Hi Kishore,
Thanks for creating the JIRA. I will try to respond to this mail here,
but please let me know if you would like to continue further discussion
on the issue in the JIRA going forward.
>
The reasoning behind having a consistent naming scheme is to provide a
consistent mechanism of assigning partition to nodes even after restarts.
This is important for stateful systems where we dont want to move the data
I see the need for stability in naming instances to a avoid complete
reshuffle on cluster restart. However, IMO this is a consequence of
Helix's design of having ZooKeeper be the single source of truth when
the cluster is not running.
Let's say Helix had an alternate approach:
While the cluster is running, let's say that ZooKeeper is used as the
source of truth regarding locations of partitions of resources. On the
other hand, when the cluster starts up, say ZK starts with a clean slate
that is incrementally populated as instances join the cluster based on
partitions reported by each instance during the "join" process. After
this point say Helix continued doing what it does today.
With this approach, instance names matter only while the cluster is
running and has no stability requirements across restarts.

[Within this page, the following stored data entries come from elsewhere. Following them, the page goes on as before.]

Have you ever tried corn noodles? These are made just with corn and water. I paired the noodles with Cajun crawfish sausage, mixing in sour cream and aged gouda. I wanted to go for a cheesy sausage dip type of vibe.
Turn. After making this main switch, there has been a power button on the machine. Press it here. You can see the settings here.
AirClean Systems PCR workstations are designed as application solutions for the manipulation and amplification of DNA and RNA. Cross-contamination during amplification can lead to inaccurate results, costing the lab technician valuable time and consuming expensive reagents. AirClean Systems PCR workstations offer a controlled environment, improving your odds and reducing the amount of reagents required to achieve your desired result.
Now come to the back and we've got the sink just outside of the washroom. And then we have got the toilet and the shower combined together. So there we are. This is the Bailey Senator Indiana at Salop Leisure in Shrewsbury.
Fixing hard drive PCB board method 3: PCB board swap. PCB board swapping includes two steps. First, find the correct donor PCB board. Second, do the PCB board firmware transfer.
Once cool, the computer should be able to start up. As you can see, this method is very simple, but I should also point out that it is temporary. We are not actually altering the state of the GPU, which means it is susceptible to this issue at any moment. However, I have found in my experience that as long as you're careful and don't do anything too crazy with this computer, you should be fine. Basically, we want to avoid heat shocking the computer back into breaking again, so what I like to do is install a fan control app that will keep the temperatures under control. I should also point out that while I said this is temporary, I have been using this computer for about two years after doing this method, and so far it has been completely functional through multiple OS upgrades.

However, this
is a huge change for Helix and I am sure you guys probably thought about
this as a possible direction - I would like to hear your thoughts on
this topic.
on restarts. Another (not really technical but more practical) reason is to
avoid rogue instances connecting to the cluster with random id due to code
bugs or misconfiguration.
I completely agree with the need to handle the rogue/misconfigured
instances case.
This requirement has come up multiple times at LinkedIn and on other
threads. Will a feature like auto create instance on join and delete on
leave be help ful. We can have this flag set at cluster level when the
cluster is created so we can throw exception if the flag is set is false
and node is not already created.
While the above feature would be great for adding new instances with
little configuration (and for zero-configuration while testing), there
still needs a way to handle a loaded cluster restart without leading to
a massive reshuffle.
Thanks,
Vinayak